The four terms competition, battle, fight, and conflict are used interchangeably in casual conversation, but we require more precise definitions to use strategy in practical ways in our everyday lives. We must understand what is necessary and what is not.

  • Competition is the comparison of alternatives among positions of opponents.

  • Battle is a meeting of potential opponents where those positions are compared and a choice is made

  • Fighting is expending resources to advance or defend a position. We might call this overcoming a challenge.

  • Conflict is the attempt to damage our opposition so we can take their position. Conflict is a meeting, i.e, a battle, that requires resources, i.e, a fight, but it has the specific goal of hurting the position of others so that we rise in any comparisons with them. It is often described as “taking the position of another.” The most costly way of advancing a position is conflict because it necessarily is opposed by another who has a very similar amount of resources for the fight.

Conflict defines wars of attrition. In such wars, the party that sustains the least damage is the technical winner. The problem is that, according to the economics of competition, both parties in a conflict are much more likely to be losers in the long term.  These Pyrrhic victories occur when winning the battle costs us our success over the longer term. These "victories" cost much more than any benefit that we can ever hope to win from them.

We avoid conflict not out of altruism but for a pragmatic reason: success is much more likely without costly conflict. Strategy is the economics of advancing our position. In the economics of improving our positions in the minds of others, conflict is simply too costly. When competition is properly understood as a comparison, we seek to advance our position while avoiding all the costs of conflict. We do not have to damage our opponents in order to come out on top in a comparison with them.  The ideal position is one that others do not want to attack and ideally want to join. Correctly understood, competition embraces cooperation because allies support our position. Conflict, not competition, is the opposite of cooperation.

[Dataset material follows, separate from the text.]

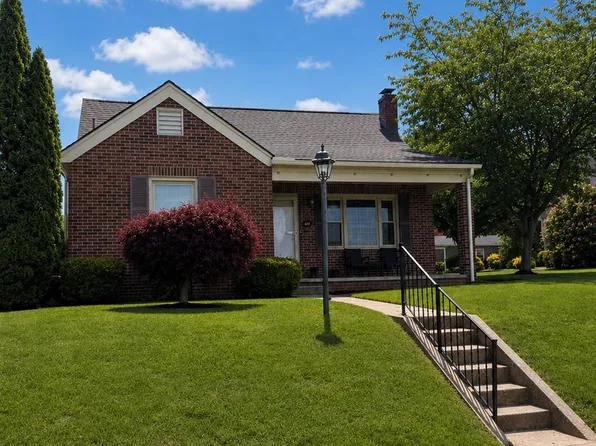 177 S 6th St, Mount Wolf, PA 17347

Our strategy is to fight through opportunities to improve our positions so that we can win battles while avoiding conflict.

  1. All competition requires battles.

    Since all competition is a comparison, such meetings are eventually necessary. By this definition, every buying decision and sporting event is a battle, a situation where alternatives are compared.

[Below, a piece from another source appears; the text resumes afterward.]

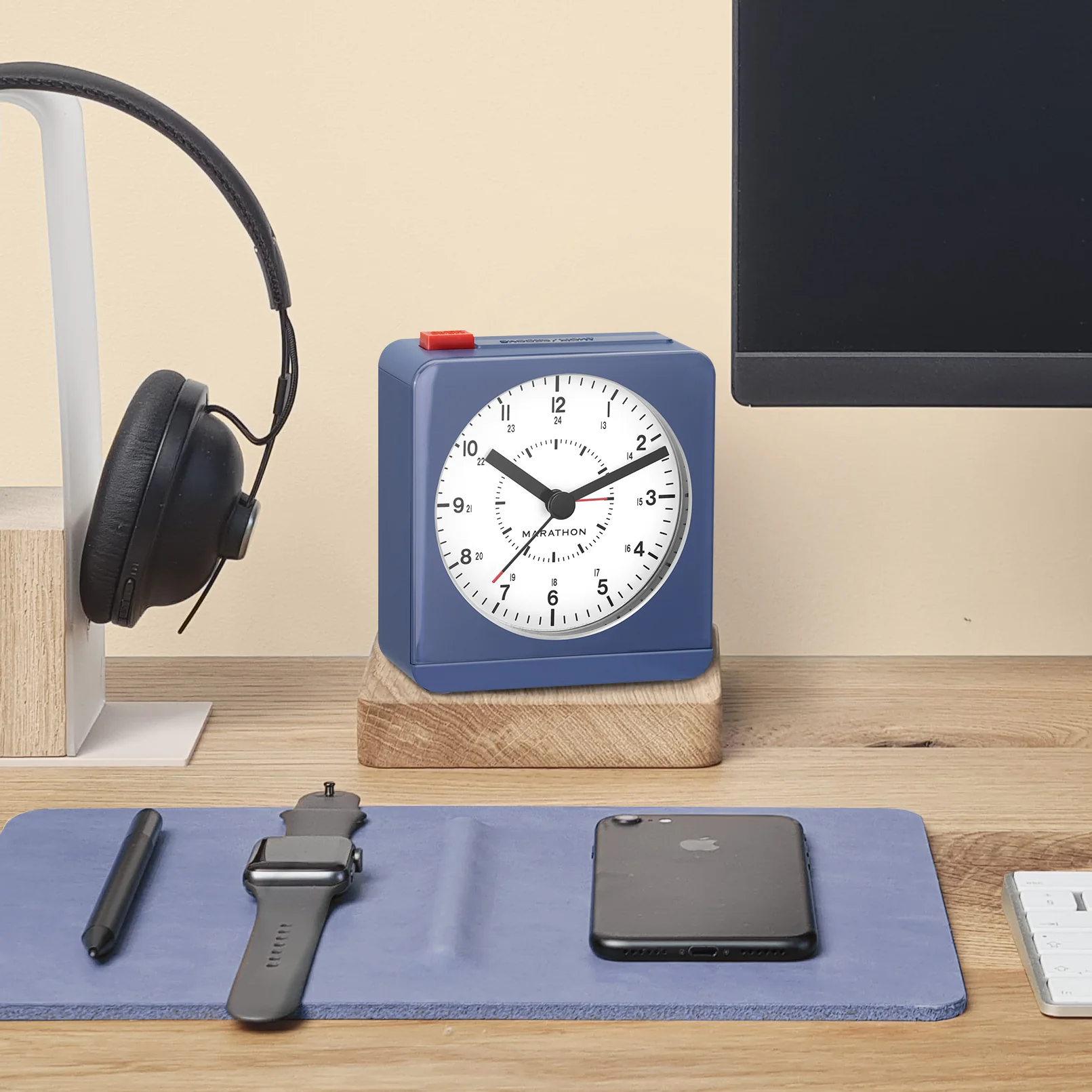Analog Desk Alarm Clock with Auto Backlight - Image 7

  2. Both advancing and defending our positions require various types of fights.

    In other words, we must always use resources to overcome challenges.  Battles are just one type of fight. There are many types of fights such as overcoming barriers in moving to a new position. Facing challenges and the use of resources are equally unavoidable.

  3. All conflict is the result of a miscalculation.

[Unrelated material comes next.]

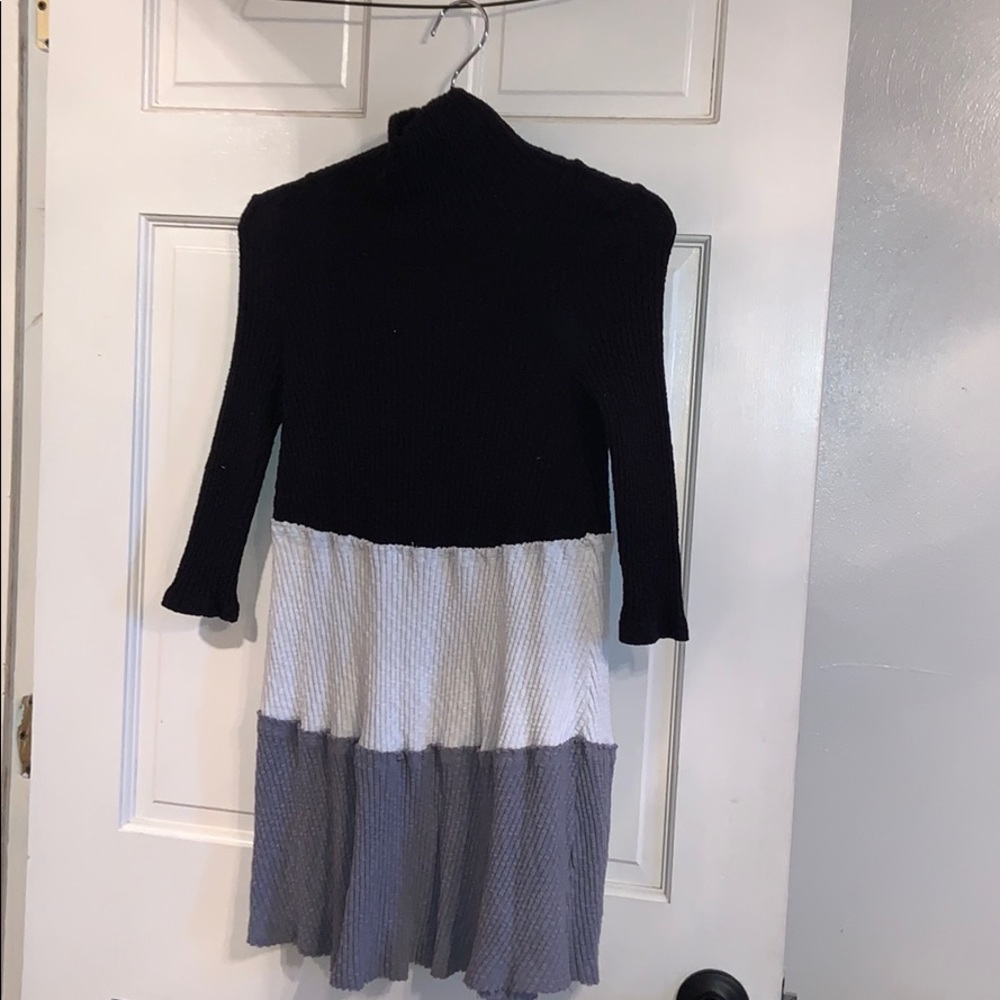 Black gray white H&M turtle neck dress size XS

    Conflict doesn't occur unless both parties think they can triumph. Opponents will always surrender or evade a battle rather than enter into a costly conflict that they know that they will certainly lose. The problem is that, because of our limited information, we naturally overestimate our own advantages and underestimate those of our opponents.

  4. Conflict is always unnecessary.

    There is an infinite number of opportunities that exist as unfilled positions that can improve our positions in the minds of others. Conflict results from the mistake of zero-sum thinking, that we can only advance our position by taking someone else's position away. But real life is never a zero-sum game. The environment is continually creating new opportunities.

  5. Conflict always creates costs.

    The specific problem with our trying to damage opponents is that opponents must defend themselves. When two opponents fight each other, both are diminished by the effort, losing resources that could be better utilized by finding other ways to advance their positions. Both positions are damaged, creating opportunities for others competitors outside of the conflict. Since defending a position is always less expensive than attacking it, this is the most costly way of trying to advance a position.

Conclusion

We cannot avoid life’s battles. We are always being compared to others as long as we are involved in the choices of others. Competition is a comparison. We cannot avoid fighting. We must all use resources to improve our lives. However, we must always seek to avoid conflict, that is, creating enemies by trying to damage their positions.